**ASSIGNMENT**
Starting at the line with "Men's dark brown" and stopping at the final line, retype the data below exactly; do not carry over any pictures.
*** STORED DATA ***
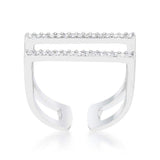 Jenn 0.2ct CZ Rhodium Pave Parallel Ring - JGI - Flyclothing LLC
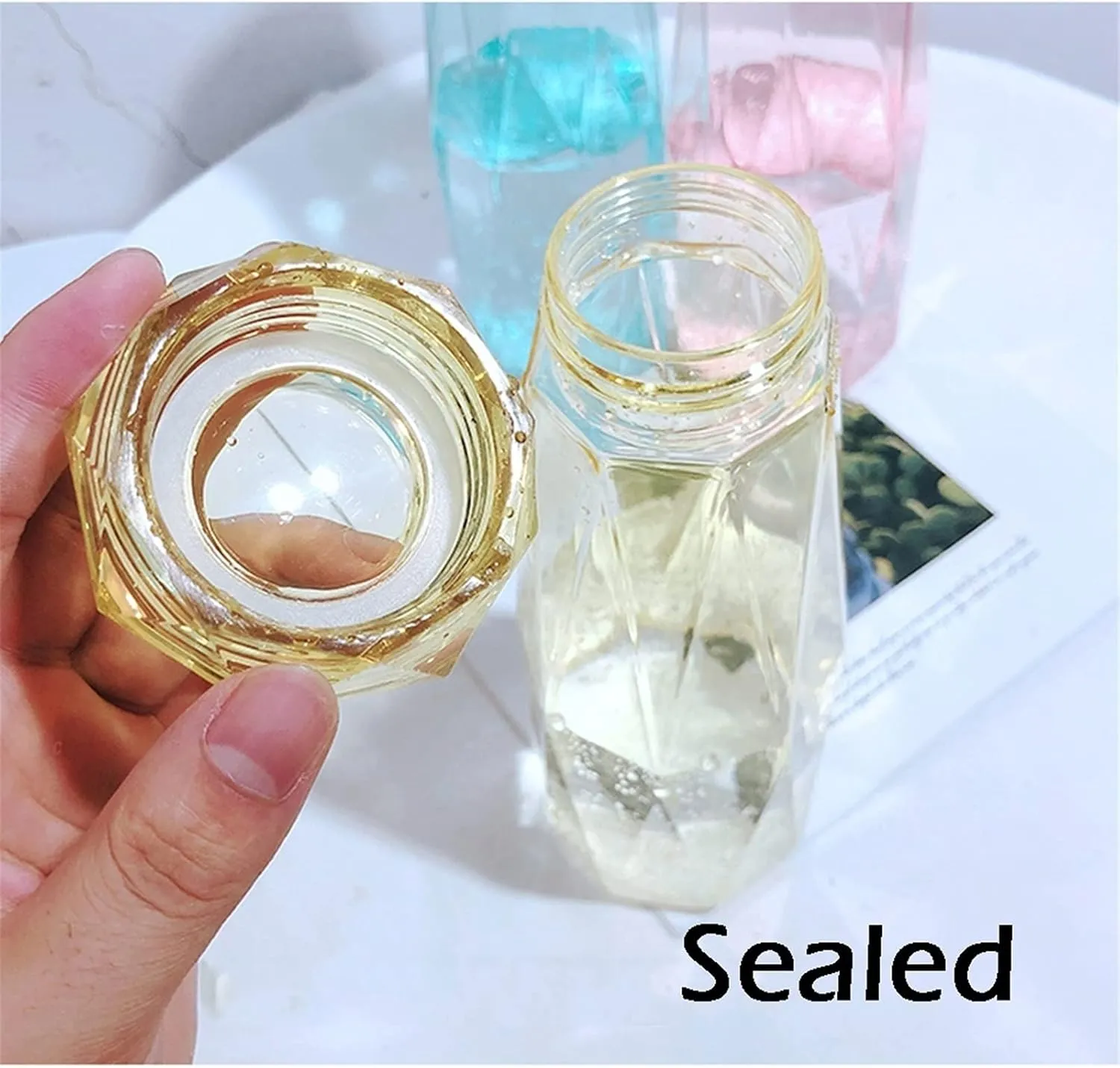 kettles Simple Portable Water Botttles,Creative Plastic Durable Sports Bottle,Clear Outdoor Cup-Leak Proof,Wide Mouth Transparent canteen(A)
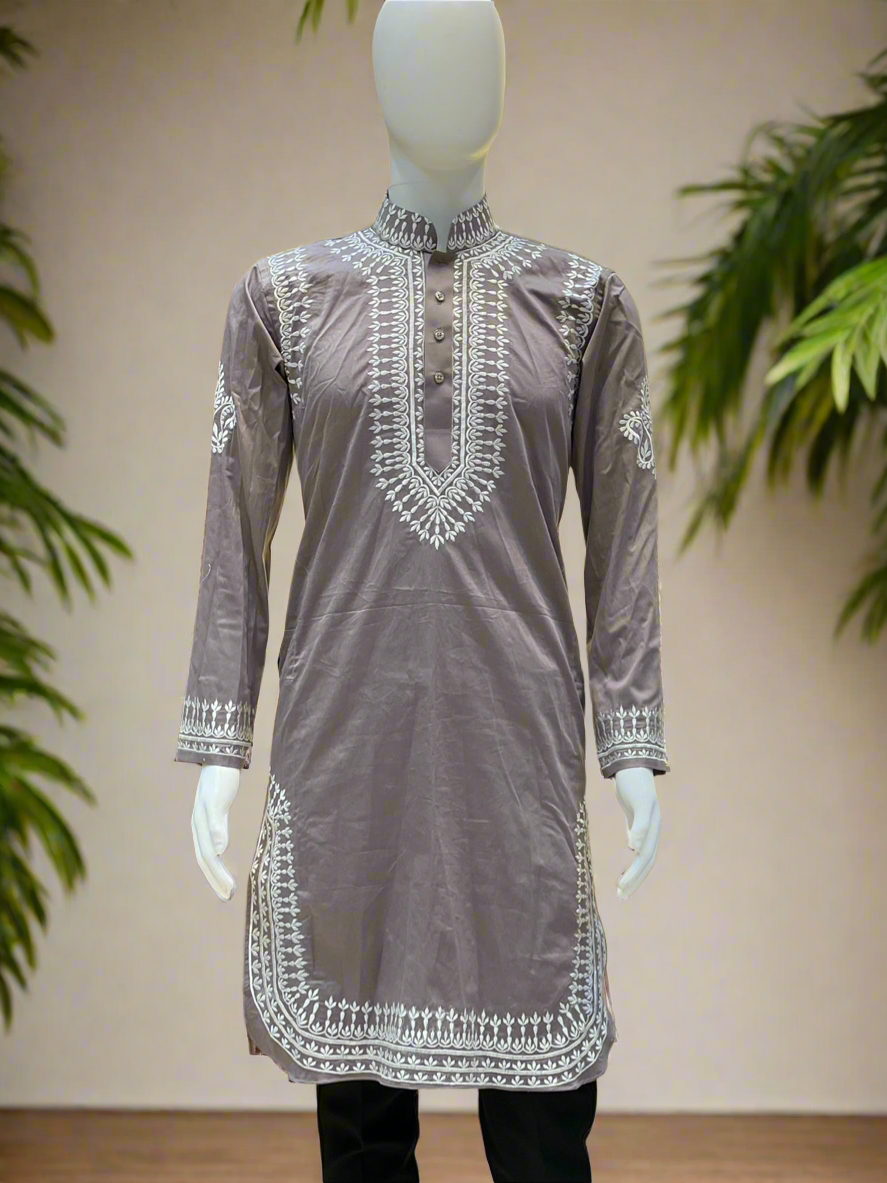 Men's dark brown embroidered kurta set with zipper pants.
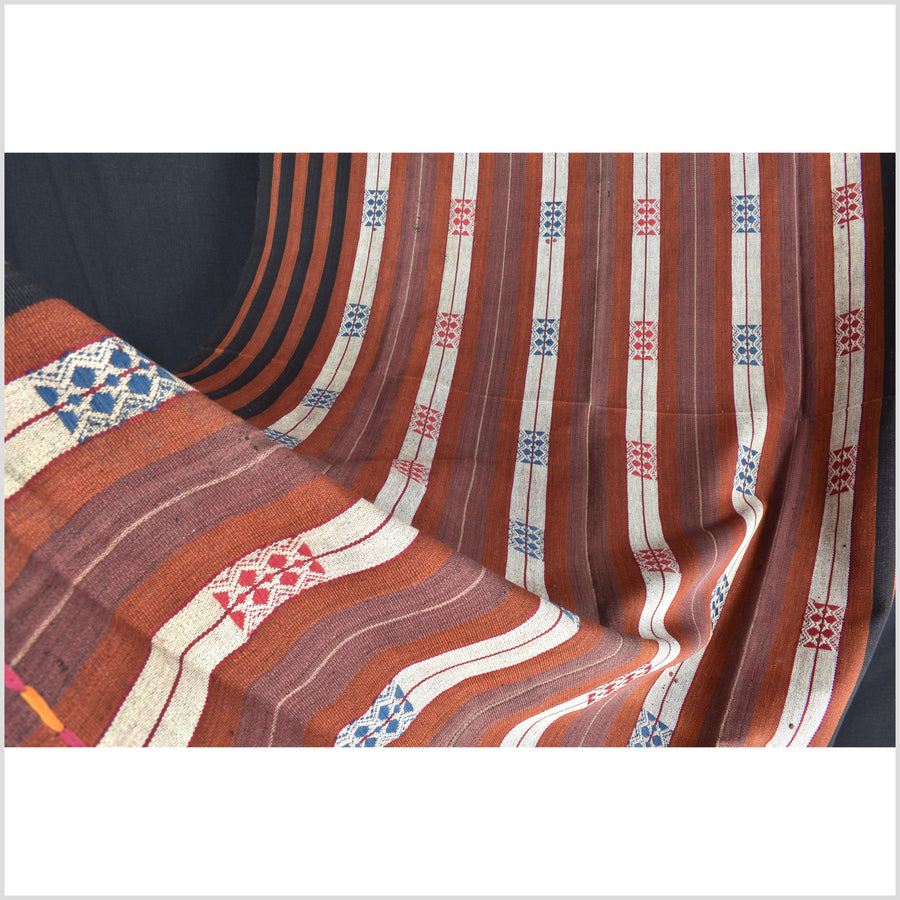 Vintage patina tribal home decor ethnic Naga blanket, geometric stripe, handwoven cotton throw boho Thailand Burma India tapestry II93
*** End of STORED DATA ***
**ANSWER TO THIS TASK**
 Men's dark brown embroidered kurta set with zipper pants.
 Vintage patina tribal home decor ethnic Naga blanket, geometric stripe, handwoven cotton throw boho Thailand Burma India tapestry II93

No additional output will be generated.